Lawyers' group refuses to defend Mumbai suspects

A prominent group of Indian lawyers has ordered its members not to defend the lone surviving gunman or any other suspects in last month’s terrorist attacks on Mumbai.

A prominent group of Indian lawyers has ordered its members not to defend the lone surviving gunman or any other suspects in last month’s terrorist attacks on Mumbai.

The president of the Mumbai Metropolitan Magistrate Court’s Bar Association said the group passed a resolution over the weekend.

The resolution admonishes the group’s 1,000 members against representing any criminal defendants in cases stemming from the November 26-29 attack.

Association President Rohini Wagh said the gunman was “not the same as other criminals arrested.

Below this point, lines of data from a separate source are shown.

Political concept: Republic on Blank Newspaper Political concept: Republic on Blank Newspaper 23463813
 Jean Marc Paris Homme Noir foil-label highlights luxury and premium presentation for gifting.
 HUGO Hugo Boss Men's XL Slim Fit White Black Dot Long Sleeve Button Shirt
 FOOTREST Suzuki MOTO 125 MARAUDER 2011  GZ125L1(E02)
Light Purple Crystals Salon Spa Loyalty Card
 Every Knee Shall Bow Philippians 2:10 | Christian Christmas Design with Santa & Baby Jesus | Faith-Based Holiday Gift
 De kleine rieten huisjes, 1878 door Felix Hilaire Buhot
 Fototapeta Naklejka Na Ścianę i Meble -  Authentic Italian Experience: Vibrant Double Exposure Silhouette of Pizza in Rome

His main aim was an attack on our city, our country”.

Mohammed Ajmal Kasab was one of 10 suspected Muslim militants who staged attacks on Mumbai that left 171 people dead and 294 wounded.

Kasab, 21, a reputed member of banned Pakistani terrorist group Lashkar-e-Taiba, was captured on security camera footage unloading an assault rifle on dozens of commuters at the city’s crowded train station.

Wagh said she hadn’t received any objections to the resolution and would be “very disheartened” should anyone choose to represent Kasab, though doing so wouldn’t bring any penalties from the association.

“There is no doubt about what he did,” she said. “The whole world was watching it for 60 hours.”

The decision drew backing from some of India’s top defence lawyers.

“His offense is indescribable,” said Majid Memon, a well-known criminal lawyer in Mumbai. “If I have an iota of respect for society then I would say the man does not deserve a defence.”

But Colin Gonsalves, a human rights attorney, called the action “wrong, both legally and morally”.

“They think they are being ultrapatriotic. But it is not for us to decide if he is guilty,” Gonsalves said. “If the evidence against him is as strong as it is then he will be convicted and hung.”

It’s not the first time lawyers in India have refused to represent terror suspects.

When a series of bombs targeted courts in the northern state of Uttar Pradesh in 2005 and 2007, the local bar association refused to take the suspects’ cases. A Muslim lawyer who chose to appear as their defence was assaulted on his way to court.